Sowohl die Kardinäle Tagle und Czerny, als auch die hochrangige Kurienvertreterin Sr. Alessandra Smerilli, Nummer zwei der vatikanischen Entwicklungsbehörde, hätten bei der aktuellen Konferenz in Rom zudem sehr klar ihre Wertschätzung für die Caritas und ihre Arbeit in aller Welt zum Ausdruck gebracht, sagte Landau. Man müsse nun die nächsten Schritte abwarten. Er gehe davon aus, dass es einen konstruktiven Prozess rund um die Arbeitsstrukturen des Generalsekretariates geben werde.

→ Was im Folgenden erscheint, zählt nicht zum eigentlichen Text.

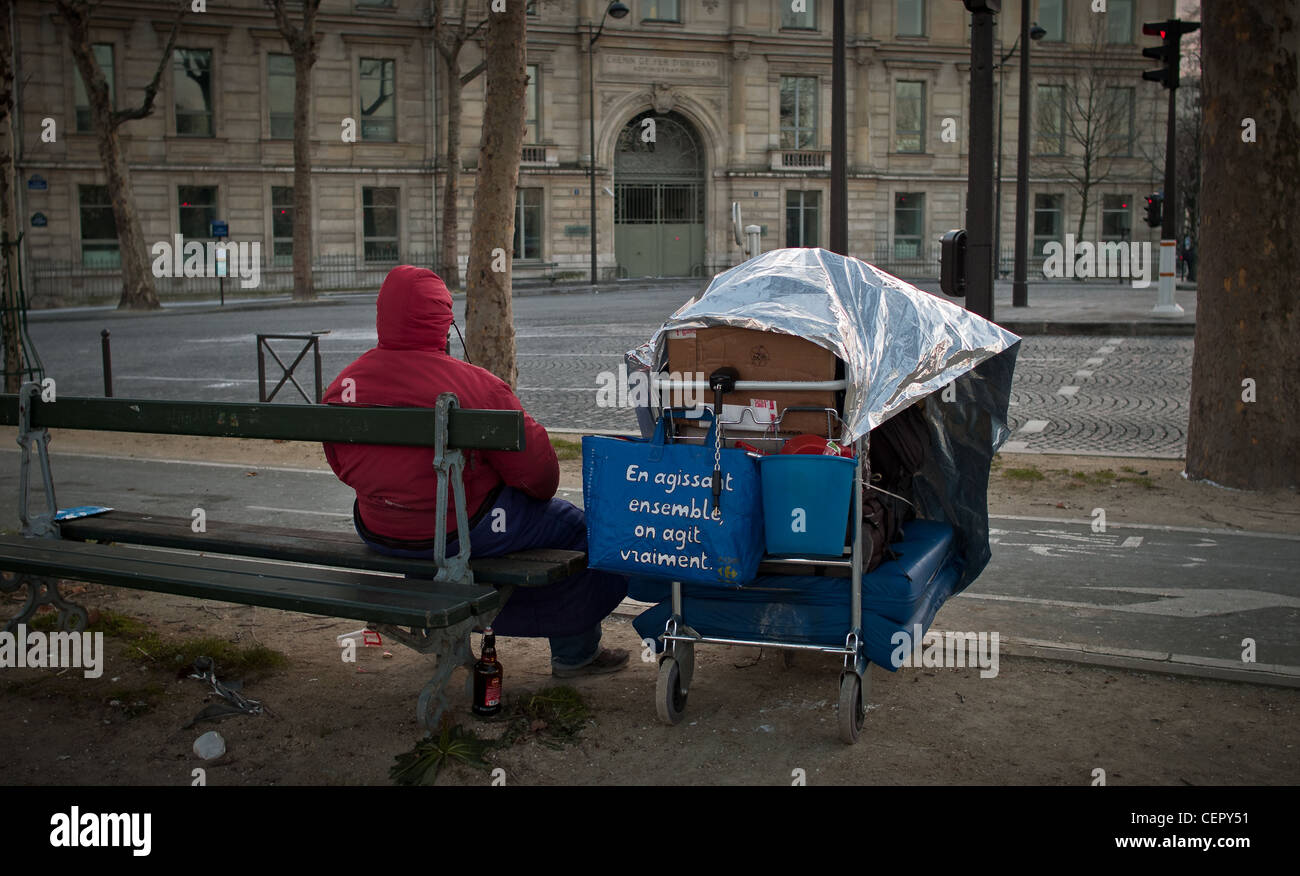 La vita della città, Urbano di miseria in blu e bianco e rosso, solitudine,  un parigino di senzatetto durante l inverno Foto stock - Alamy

Im 1951 gegründeten Dachverband "Caritas Internationalis" sind heute 162 eigenständige nationale Caritas-Verbände und katholische Wohlfahrtsorganisationen zusammengeschlossen, die in 200 Ländern weltweit tätig sind. Aufgabe von "Caritas Internationalis" ist vor allem die Koordinierung von Hilfsaktionen und Entwicklungsprogrammen auf weltkirchlicher Ebene. Der Geschäftsführende Direktor der Caritas der Erzdiözese Wien, Alexander Bodmann, fungierte seit 2015 als Schatzmeister des Caritas-Weltdachverbands.

Die bislang letzte Generalversammlung tagte 2019 und beschloss umfangreiche neue rechtliche Rahmenbedingungen. Seitdem untersteht die internationale Organisation der vatikanischen Entwicklungsbehörde, dem sogenannten Dikasterium für die ganzheitliche Entwicklung.